I wet a towel in the bathroom and sat for a few moments while pressing the cold cloth to my forehead. Once the pain subsided and I felt more composed, I left my suite and, on slightly wobbly legs, walked down the stairs to the main floor, prepared to meet Madame’s guests.

I felt the quickening that sometimes accompanied a revelation, not sure why I was experiencing it. It was the fall, I supposed.

Below me in the foyer, I saw Sebastian, looking up at me, waiting for me, smiling. Then the front door opened. A crush of people hurried in, escaping the rain that had started. With the rest of them hidden under umbrellas, I could only see three sets of trousered legs.

The men had their backs to me as the butler moved among them, divesting them of their raincoats and umbrellas. Just as one turned, Madame bustled past and blocked my view. Her voice rose over the wind that blew her words away.
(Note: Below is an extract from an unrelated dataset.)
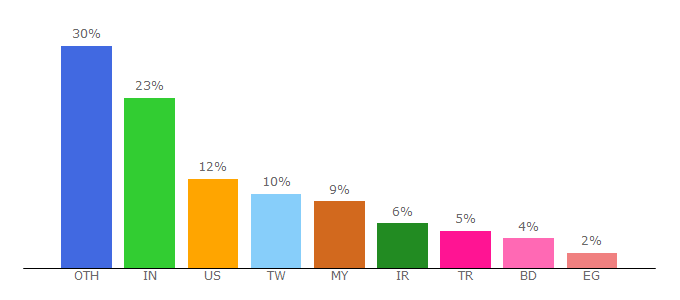 Top 10 Visitors Percentage By Countries for htmlstream.com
“Eugène, welcome. I’m sorry about the storm. It must have been madness driving here in all that rain. And Yves, it’s so wonderful to see you,” Madame greeted them.

I was holding my breath, waiting to hear her address the last man in the group.

“And Mathieu. Be still, my heart, to have so many handsome men arrive at once,” Madame said, with a lovely, flirty laugh in her voice.

My hand tightened on the banister. I stopped moving. It wasn’t possible. Except, like a train rushing toward a certain destination, I’d known this would happen since I’d first arrived. And then it occurred to me that there must be thousands of men with that name. This Mathieu wasn’t necessarily the one I’d known and loved. How embarrassing that I’d just assumed it was. How pathetic a creature I was.

In New York, at a party, I’d once overheard a conversation between two women. One was talking about a man she’d just met, whom she might be falling in love with. The other, an older woman, asked her why she’d do that. “Love is the very worst way to punish yourself.”

I’d never forgotten what she’d said. It certainly was true for me. The worst pain I’d ever endured was a result of the greatest love I’d ever felt.

I shook myself out of my reverie and resumed descending the stairs. Almost relaxed, thinking myself foolish to have believed that the one man I had run away from, had left France to avoid, would be here in the chateau and I’d have to see him.

Sebastian called out to me.

Hearing him, Madame turned and looked up. “Delphine, you look lovely. And to think I once fit in that dress. What age does . . . what age does . . . Come, you’re just in time to meet my guests.”

One of the men stepped forward, blocking one of the others. Madame was blocking the third.

“Eugène Leverau, this is Delphine Duplessi.”